Scientists have revealed that an ocean system similar to the one that triggered a global Ice Age in the Day After Tomorrow movie changed the world’s climate around one million years ago.
Around one million years ago, a longtime pattern of alternating glaciations and warm periods dramatically changed when ice ages suddenly became more prolonged and more intense.
Scientists have long suspected that the slowdown of a key Atlantic Ocean current system influenced the duration of the Ice Ages on Earth.
A new study of sediments from the Atlantic Ocean’s seabed links the slowdown of the Atlantic Ocean current to the massive buildup of carbon dragged in from the air.
The current, known as the Atlantic meridional overturning circulation (AMOC), is of great importance to our planet and its ocean as it transports warm salty water from near the equator to northern Europe.
But several different processes happen as the current transports water.
The colder water originating from the Arctic makes it denser, causing it to sink to the depths.
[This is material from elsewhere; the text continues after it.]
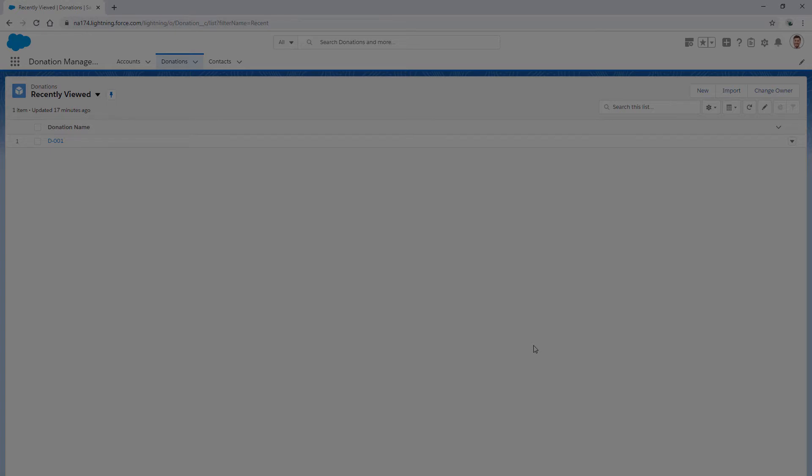Thanks for joining this quick troubleshooting screencast brought to you by Salesforce Support. To see more content like this, hit subscribe.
As it sinks, it drags massive amounts of carbon that have been absorbed from our planet’s atmosphere.
This deepwater eventually makes its way back to the south, where much of it ends up reemerging in the Southern Ocean. Unfortunately, scientists have found that this process releases greenhouse gas back into the atmosphere.
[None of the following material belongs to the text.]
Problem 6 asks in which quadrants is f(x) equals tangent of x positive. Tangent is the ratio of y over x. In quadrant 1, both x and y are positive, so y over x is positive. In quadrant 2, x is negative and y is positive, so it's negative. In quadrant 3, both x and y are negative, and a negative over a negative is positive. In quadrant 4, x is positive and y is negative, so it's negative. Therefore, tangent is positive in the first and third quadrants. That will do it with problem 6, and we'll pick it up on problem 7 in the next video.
The ocean seabed and ocean currents study have provided conclusive evidence that the current slowed down dramatically nearly one million years ago.
Scientists believe this is directly connected with a massive build-up of carbon in the waters deep in the Atlantic and a similar decline of carbon in the Earth’s atmosphere.
This combination of events tossed our planet into a series of Ice Ages that started taking place every 100,000 years instead of the usual 40,000-year-periods.
Scientists refer to this turning point as the Mid-Pleistocene Transition, and the new pattern has persisted right through the last ice age, which ended about 15,000 years ago.
However, the exact reason why this pattern has remained is a scientific enigma. The study clearly shows that the carbon missing from the atmosphere ends up in the ocean, drastically affecting our planet’s climate.
“It’s a one-to-one relationship. So it was like flipping a switch,” said lead author Jesse Farmer, who did the work while a Ph.D. student at Lamont-Doherty.
“It shows us that there’s an intimate relationship between the amount of carbon stored in the ocean and what the climate is doing.”
The study is published in the journal Nature Geoscience.